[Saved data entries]
--
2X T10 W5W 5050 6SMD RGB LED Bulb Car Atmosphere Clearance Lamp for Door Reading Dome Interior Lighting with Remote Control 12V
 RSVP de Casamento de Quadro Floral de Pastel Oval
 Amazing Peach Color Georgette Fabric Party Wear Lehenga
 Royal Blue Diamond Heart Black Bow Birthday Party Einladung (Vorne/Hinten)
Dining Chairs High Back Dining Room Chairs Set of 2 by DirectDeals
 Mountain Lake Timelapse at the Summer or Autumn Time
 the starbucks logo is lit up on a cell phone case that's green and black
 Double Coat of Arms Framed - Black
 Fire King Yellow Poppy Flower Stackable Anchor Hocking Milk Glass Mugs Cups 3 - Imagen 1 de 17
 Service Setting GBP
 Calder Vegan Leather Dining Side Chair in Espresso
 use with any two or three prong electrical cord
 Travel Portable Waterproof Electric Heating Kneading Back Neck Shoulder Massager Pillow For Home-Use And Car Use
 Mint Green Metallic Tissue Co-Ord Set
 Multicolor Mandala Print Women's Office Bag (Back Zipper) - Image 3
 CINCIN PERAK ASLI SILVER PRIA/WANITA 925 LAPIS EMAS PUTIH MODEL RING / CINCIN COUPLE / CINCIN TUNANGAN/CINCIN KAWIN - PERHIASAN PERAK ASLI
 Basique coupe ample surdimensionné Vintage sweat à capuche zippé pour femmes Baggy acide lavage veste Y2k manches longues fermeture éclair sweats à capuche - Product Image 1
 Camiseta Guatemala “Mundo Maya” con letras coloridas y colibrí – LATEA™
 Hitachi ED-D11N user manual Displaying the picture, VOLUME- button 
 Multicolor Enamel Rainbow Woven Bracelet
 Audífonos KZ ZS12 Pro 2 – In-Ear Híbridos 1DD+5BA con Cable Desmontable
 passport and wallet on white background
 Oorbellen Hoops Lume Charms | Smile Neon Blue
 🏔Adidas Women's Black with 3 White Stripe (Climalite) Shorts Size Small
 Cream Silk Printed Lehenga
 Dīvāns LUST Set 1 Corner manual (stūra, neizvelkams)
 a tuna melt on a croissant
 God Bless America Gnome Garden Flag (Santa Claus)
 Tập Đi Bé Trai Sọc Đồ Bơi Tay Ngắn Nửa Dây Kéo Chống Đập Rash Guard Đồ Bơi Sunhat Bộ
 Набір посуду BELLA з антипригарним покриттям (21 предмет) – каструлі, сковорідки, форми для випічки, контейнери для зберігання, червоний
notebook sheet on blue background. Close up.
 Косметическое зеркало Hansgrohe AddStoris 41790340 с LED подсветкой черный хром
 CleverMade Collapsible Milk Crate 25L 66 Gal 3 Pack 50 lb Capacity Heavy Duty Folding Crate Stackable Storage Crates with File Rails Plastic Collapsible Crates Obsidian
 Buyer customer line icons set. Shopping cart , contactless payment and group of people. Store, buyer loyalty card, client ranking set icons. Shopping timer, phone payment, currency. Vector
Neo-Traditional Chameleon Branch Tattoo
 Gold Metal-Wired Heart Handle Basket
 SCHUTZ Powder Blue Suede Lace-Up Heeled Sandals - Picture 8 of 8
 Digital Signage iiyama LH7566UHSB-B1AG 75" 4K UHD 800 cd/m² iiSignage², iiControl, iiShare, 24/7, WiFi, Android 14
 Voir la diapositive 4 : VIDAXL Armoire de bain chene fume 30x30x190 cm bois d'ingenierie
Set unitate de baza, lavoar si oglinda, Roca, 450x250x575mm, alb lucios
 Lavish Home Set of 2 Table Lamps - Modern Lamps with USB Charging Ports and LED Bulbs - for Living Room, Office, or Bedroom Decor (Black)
--
Task to carry out:
Return every line from the one holding "Gold Metal-Wired Heart Handle Basket" through the end of the data, exactly as it appears, with both ends kept and nothing else.

Answer below:
 Gold Metal-Wired Heart Handle Basket
 SCHUTZ Powder Blue Suede Lace-Up Heeled Sandals - Picture 8 of 8
 Digital Signage iiyama LH7566UHSB-B1AG 75" 4K UHD 800 cd/m² iiSignage², iiControl, iiShare, 24/7, WiFi, Android 14
 Voir la diapositive 4 : VIDAXL Armoire de bain chene fume 30x30x190 cm bois d'ingenierie
Set unitate de baza, lavoar si oglinda, Roca, 450x250x575mm, alb lucios
 Lavish Home Set of 2 Table Lamps - Modern Lamps with USB Charging Ports and LED Bulbs - for Living Room, Office, or Bedroom Decor (Black)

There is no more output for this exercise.